According to the most recent "red list" update, the komodo dragon, the world's biggest lizard, is threatened with extinction as increasing water levels caused by the climate crisis reduce its habitat.
Rare Indonesian Dragons
The Komodo dragon, only found on a few Indonesian islands, dwells on the outskirts of forests or open savannah, seldom climbing higher than 700 meters above sea level. But, according to the International Union for Conservation of Nature (IUCN), rising water levels would impact 30% of its habitat in the next 45 years, changing its classification from vulnerable to endangered.
The update, released at the IUCN World Conservation Congress in Marseille, is the first in more than 20 years for the komodo dragon. It comes after the first peer-reviewed research on the effects of global warming on gigantic lizards found that "urgent conservation efforts are necessary to avert the risk of extinction."
Komodo Habitat Destruction
In addition to being unable to travel to higher land, the komodo dragons' habitat is fragmenting due to human activity, making populations less genetically healthy and susceptible. Between 1970 and 2000, their ecological range on the island of Flores in south-eastern Indonesia is estimated to have decreased by more than 40%.
"The forest is progressively being chopped down and vanishing as a result of human pressure, while fires and deterioration are impacting the savannah. That's why the creatures are in such confined spaces," said Gerardo Garcia, Chester Zoo's curator of vertebrates and invertebrates. "As sea levels rise, habitats are becoming smaller."
Only in the early twentieth century did Europeans come across Komodo dragons, whom the beasts initially enthralled. Komodos, which may reach 3 meters in length and weigh more than 150 kilograms, eat mostly forest-dwelling pigs, deer, buffalo, and fruit bats that hang from low-lying mangrove trees. When they strike, their poisonous saliva lowers their prey's blood pressure and prevents it from clotting, putting them in shock. Yet, despite their gruesome qualifications, we know little about them because of their shyness.

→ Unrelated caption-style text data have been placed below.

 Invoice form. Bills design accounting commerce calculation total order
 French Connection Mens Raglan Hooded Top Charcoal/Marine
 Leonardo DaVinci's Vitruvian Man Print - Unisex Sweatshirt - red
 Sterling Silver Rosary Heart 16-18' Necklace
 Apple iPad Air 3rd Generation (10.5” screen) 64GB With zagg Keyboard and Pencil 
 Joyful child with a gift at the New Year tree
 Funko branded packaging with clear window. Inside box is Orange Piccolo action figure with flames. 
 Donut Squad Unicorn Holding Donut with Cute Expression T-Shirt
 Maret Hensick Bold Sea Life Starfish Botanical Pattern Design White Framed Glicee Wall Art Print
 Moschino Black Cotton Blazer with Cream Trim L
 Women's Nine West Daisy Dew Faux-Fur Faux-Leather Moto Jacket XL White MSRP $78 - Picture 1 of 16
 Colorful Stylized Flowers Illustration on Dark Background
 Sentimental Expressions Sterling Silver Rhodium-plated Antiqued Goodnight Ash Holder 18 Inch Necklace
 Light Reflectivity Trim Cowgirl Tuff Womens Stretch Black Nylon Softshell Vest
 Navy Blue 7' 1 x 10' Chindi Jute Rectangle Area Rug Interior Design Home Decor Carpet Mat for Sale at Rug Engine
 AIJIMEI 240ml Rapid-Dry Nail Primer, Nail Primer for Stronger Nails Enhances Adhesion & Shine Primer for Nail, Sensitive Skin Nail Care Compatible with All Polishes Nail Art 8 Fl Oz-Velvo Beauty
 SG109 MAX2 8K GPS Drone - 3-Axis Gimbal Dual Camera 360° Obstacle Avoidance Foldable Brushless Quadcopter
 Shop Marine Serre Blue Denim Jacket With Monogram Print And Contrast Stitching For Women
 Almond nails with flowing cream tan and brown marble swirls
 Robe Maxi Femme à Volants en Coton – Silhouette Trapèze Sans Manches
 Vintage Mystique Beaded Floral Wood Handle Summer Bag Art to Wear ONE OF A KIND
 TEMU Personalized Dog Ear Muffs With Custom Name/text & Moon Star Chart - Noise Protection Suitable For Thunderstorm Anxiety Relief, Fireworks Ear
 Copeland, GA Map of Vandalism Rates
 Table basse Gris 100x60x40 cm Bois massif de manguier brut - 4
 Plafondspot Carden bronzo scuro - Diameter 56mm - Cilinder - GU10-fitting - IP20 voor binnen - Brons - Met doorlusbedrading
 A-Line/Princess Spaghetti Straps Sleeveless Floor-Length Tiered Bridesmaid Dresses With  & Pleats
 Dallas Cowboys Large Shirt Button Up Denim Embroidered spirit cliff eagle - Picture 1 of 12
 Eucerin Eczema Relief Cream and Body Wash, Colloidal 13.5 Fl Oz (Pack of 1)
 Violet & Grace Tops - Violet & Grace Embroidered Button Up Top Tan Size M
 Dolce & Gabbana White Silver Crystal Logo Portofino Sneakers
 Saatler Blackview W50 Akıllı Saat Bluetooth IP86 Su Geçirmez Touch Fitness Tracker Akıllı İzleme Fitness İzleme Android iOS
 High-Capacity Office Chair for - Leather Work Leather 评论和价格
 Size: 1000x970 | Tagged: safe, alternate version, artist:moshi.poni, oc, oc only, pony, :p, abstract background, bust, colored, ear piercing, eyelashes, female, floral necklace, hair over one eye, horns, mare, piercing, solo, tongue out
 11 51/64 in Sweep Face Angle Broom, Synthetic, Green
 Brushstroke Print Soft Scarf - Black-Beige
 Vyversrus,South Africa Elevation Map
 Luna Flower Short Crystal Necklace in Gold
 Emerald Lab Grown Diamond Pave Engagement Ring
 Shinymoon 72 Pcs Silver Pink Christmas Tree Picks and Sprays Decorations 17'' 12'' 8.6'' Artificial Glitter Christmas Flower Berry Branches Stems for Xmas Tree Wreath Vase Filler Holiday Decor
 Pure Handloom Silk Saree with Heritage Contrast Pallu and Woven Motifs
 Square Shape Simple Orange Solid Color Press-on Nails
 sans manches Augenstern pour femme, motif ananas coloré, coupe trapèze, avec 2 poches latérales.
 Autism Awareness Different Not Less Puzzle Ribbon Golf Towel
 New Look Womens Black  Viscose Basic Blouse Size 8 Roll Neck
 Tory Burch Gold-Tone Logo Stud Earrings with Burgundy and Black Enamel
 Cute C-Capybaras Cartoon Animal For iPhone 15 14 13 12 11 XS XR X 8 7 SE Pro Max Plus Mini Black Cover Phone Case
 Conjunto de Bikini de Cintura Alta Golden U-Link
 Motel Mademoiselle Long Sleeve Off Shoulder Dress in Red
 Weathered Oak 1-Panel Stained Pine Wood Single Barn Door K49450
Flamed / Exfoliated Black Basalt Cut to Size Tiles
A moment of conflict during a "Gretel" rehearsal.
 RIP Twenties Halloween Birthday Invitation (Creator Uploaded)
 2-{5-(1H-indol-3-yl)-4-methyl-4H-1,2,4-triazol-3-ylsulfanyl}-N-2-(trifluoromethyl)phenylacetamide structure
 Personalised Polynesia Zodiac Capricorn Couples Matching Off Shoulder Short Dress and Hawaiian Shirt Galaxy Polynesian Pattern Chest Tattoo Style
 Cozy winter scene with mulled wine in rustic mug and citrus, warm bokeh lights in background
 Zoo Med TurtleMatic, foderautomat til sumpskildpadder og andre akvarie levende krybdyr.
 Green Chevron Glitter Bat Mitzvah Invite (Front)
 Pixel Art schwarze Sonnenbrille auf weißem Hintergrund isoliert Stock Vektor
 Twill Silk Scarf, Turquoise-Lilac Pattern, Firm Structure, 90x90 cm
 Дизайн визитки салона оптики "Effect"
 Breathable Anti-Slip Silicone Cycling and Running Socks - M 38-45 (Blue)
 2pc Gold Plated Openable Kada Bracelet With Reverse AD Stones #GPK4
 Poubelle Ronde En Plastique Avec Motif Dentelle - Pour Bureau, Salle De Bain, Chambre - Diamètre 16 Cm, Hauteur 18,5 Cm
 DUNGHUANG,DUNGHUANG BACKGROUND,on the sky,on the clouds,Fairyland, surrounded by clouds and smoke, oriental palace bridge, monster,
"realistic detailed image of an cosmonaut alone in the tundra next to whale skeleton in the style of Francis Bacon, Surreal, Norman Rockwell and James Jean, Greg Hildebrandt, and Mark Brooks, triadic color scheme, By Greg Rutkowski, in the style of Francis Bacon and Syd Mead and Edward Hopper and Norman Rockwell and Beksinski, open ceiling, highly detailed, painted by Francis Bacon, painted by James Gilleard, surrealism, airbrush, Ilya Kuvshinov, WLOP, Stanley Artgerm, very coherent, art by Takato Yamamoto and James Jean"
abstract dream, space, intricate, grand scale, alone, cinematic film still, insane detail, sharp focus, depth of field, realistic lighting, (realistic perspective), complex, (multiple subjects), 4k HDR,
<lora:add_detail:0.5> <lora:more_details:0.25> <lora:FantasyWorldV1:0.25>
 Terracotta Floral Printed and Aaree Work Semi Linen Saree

"It's the most charismatic lizard on the planet, but we didn't know where the komodos resided until last year," said Garcia, who was part of three-year research with the Indonesian NGO Komodo Survival Programme that used camera traps to track their travels. They found where they lived on Flores and want to undertake more conservation and community work in those places now that they know where they were. In Komodo National Park, the subpopulation is now stable and protected.
Rising Numbers of Endangered Species
More than 38,000 species are endangered with extinction, according to the most recent IUCN red list. A complete review of shark and ray species was also included in the organization, with 37 percent currently endangered due to exploitation, habitat degradation, and climate catastrophe. Sharks and rays are also hampered by their biology, which causes them to breed slowly and in small numbers, making them slower to recover than other species.
Other "At Risk Species"
According to the implementation of fishing quotas in the last ten years, four out of seven commercially fished tuna species - Atlantic bluefin, southern bluefin, albacore, and yellowfin - are on the mend the IUCN red list update.
The Pew Charitable Trusts' Grantly Galland remarked, "The new ratings do provide some positive news." "Over the last decade, management of bluefin tuna and albacore has improved across the world, but we still advise caution since IUCN ratings are based on complete species and do not allow the assessment team to look at genetically different populations."
The Atlantic bluefin tuna, for example, isn't as endangered as other species, but its population in the western Atlantic continues to fall, and it's still in danger of extinction.
The success of albacore and southern bluefin tuna is due to the implementation of "harvest plans," Management specifies what regulations or measures they will take based on the stock's state ahead of time, and these new ratings are confirmed that those strategies are working.
"When fisheries managers are focused on a specific problem and devote resources to solving that problem, they can accomplish it, even decreasing fish quotas when stakeholders do not want them lowered," Galland explained. This demonstrates that we may attain our goals when we make difficult decisions and focus on recovery."